Collarspace.com

...just looking, thanks.
2/26/2011 9:34:23 AM

 

I added a new pic.  I call it, "You wouldn't believe the shit I had to put up with at work today" (snort). 

 

2/25/2011 1:23:41 PM

It amazes me how so few dommes can appreciate a sub with mutual interests.  Why just today I ran across the profile of a Scottish domme who had posted a lovely poem about two people needing each other as her introduction.  Naturally, having been moved by the rhythmic prose, I wanted to share my love of poetry.  Thus, I submitted the following to her:

Scotland, Oh Scotland,
where much blood has spilt
I'm hiding some haggas
just under my kilt

O'er mountainous terrain
suffering wind, rain and lash
I'll breakfast with Nessy
We'll have bangers and mash

And what should I find
in this land without tree?
Why an autographed poster
of Sean Connery!

...and no response whatsoever.  Is appreciation for fine art dead, I ask you?

 

2/23/2011 6:51:14 PM

The entertainment value of this site is extremely high.  Below are a few of my favorite train wreck Domme profile openings (edited for content) that are as much cause for concern as a good laugh. 

"I'm 18 and have been in the lifestyle for over 10 years"  -What? Call child services. 

"As you can see by my pierced vagina... (in primary pic)"  Hi...nice to, uh, meet you. 

"I am here for financial domination only!"  -So let me get this straight...losing the ability to control money and no hint of anything kinky?  Men have had that for years...it's called marriage. 

"I was _____ in _____, then I moved to _____, after which I divorced and moved to _____, only to realize that I am indeed a dominant woman."   If you could just add a map to your photos detailing the many locations you've moved to, preferrably with directional arrows, that would be great.  Also, was it the moving around that caused you to realize you are dominant? 

"If you are near me... Let me know... If you are not... Still let me know..."  Welcome to the Department of Redundancy department.

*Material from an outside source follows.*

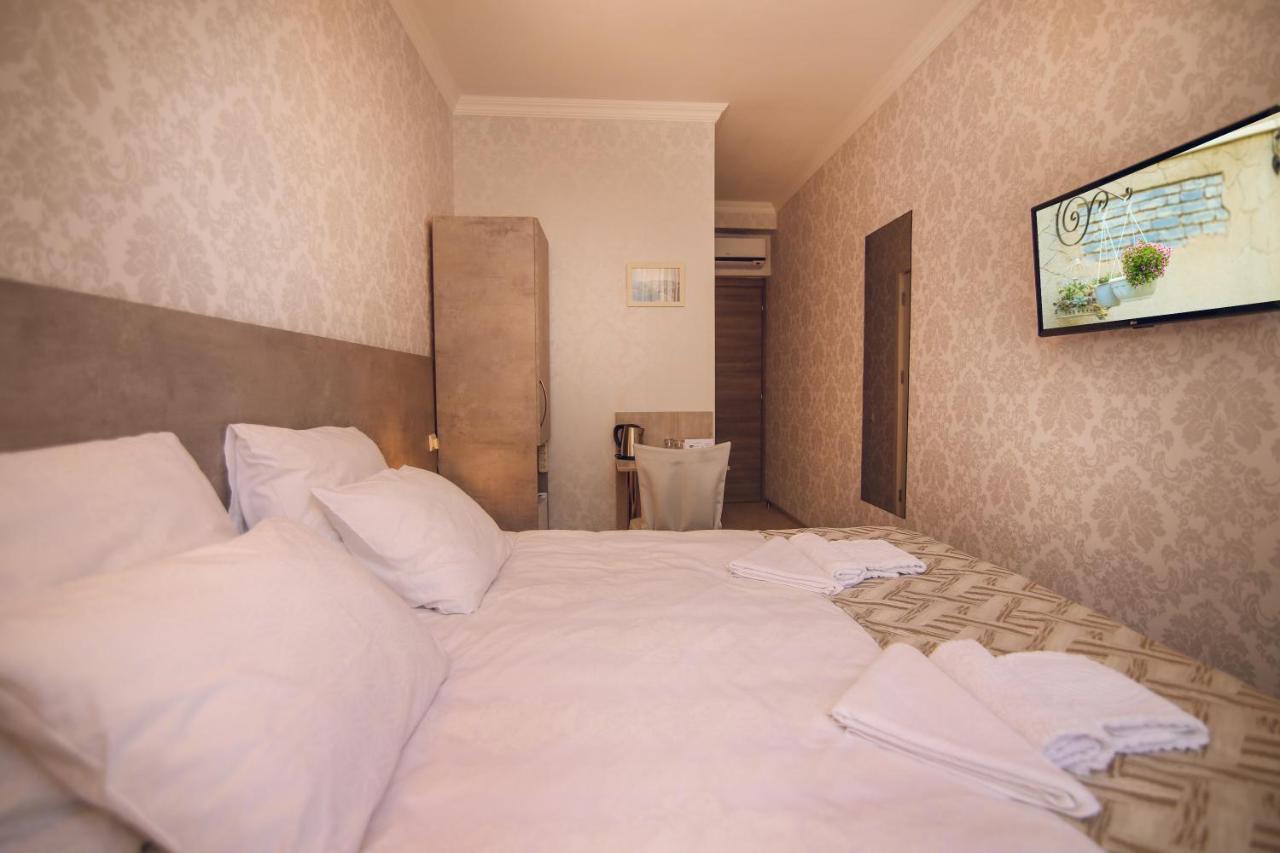 Hotel Kera Tbiliszi Kültér fotó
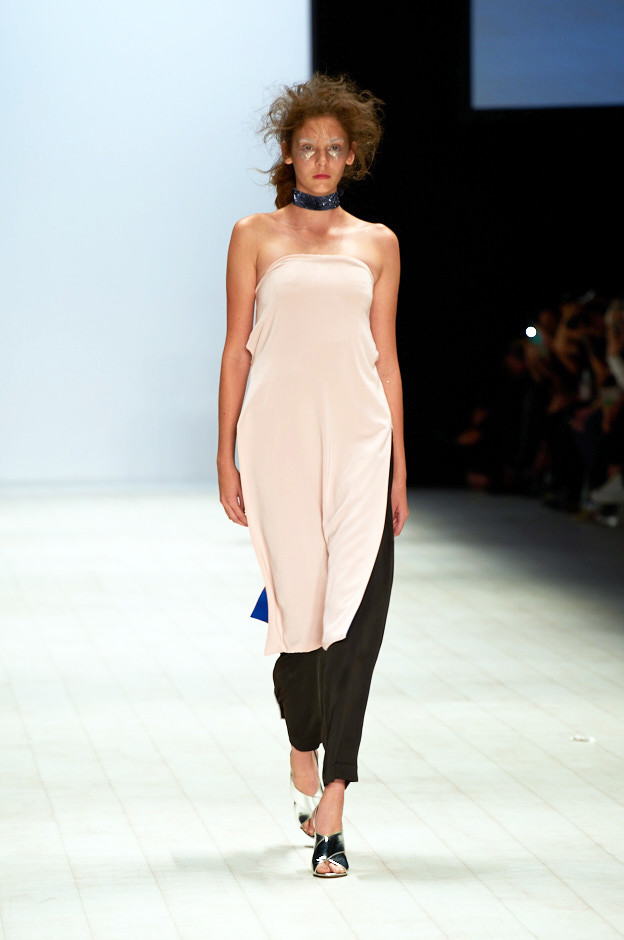 Hà Kino trong trang phục của Chad Nguyễn.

And one from the submissive side: 

"Looking for a big black cock. My husband/owner likes to see me on my knees with a big black cock in my mouth"   Your "dominant" husband/owner is actually a cuckold fetishist. 

 

 

 

2/23/2011 2:55:50 PM

I can't help but notice that a lot of people who are into D/s are also into renaissance fairs (or "faires"), which made me wonder...between Trekkies who learn to speak Klingon and guys in tights saying "M'lady" all day, who looks down on who?  Is there someone out there who dons some prosthetic Spock ears yet looks at a guy with a tin foil sword and says, "that's pathetic"?  Is there a girl churning butter in her maiden frock while humming "Greensleeves" who thinks owning a replica phaser is taking it too far?  Worse yet, are there people who are, as I write this, deep in the bowels of one group member's mother's basement well into their 12th hour of Dungeons and Dragons who trump them both?  Questions, questions.

2/23/2011 2:43:00 PM

Just came to St Louis after a decade in NYC.  I spoke to a friend back in the rotting apple who told me about a visit to a bar last night.  Someone had written on the men's urinal, "I fucked your mother".  Just below it, someone else had written, "Go home Dad, you're drunk".